Collection entries:
+===+

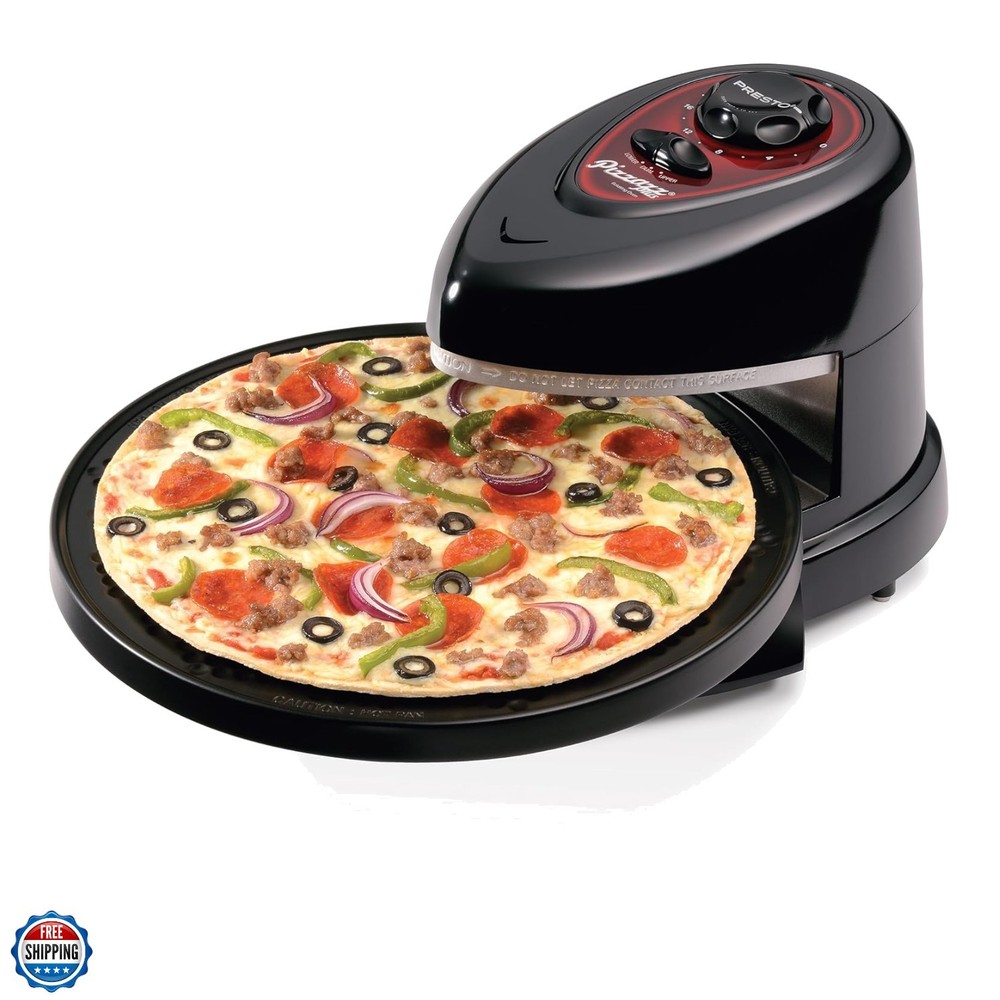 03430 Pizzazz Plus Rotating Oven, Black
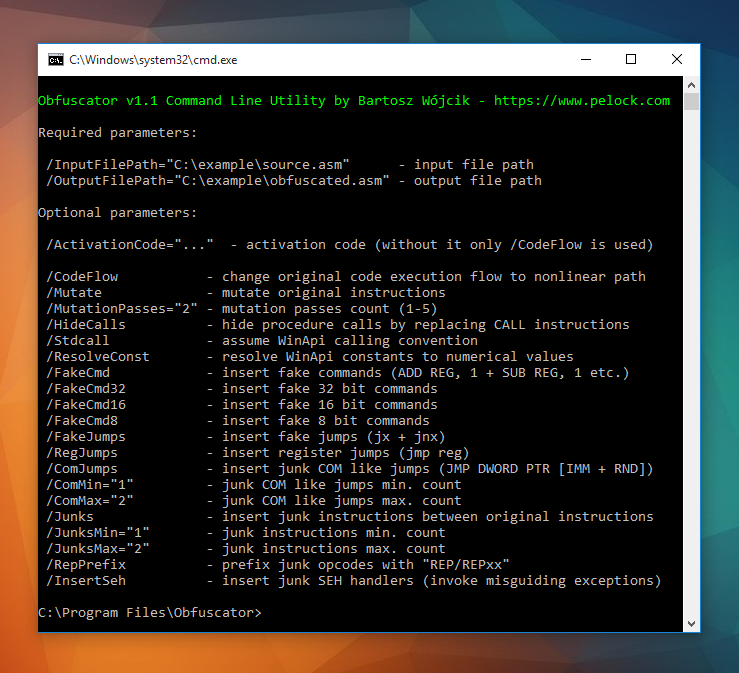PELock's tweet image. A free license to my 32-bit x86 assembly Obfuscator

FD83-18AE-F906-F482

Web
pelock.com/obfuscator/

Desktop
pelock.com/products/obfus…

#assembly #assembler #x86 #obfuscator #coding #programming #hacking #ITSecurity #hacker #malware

+===+

» **What is being asked**
Beginning with the line that contains "FD83-18AE-F906-F482", repeat every line through the end of the records and nothing more.

» **Task output**
FD83-18AE-F906-F482

Web
pelock.com/obfuscator/

Desktop
pelock.com/products/obfus…

#assembly #assembler #x86 #obfuscator #coding #programming #hacking #ITSecurity #hacker #malware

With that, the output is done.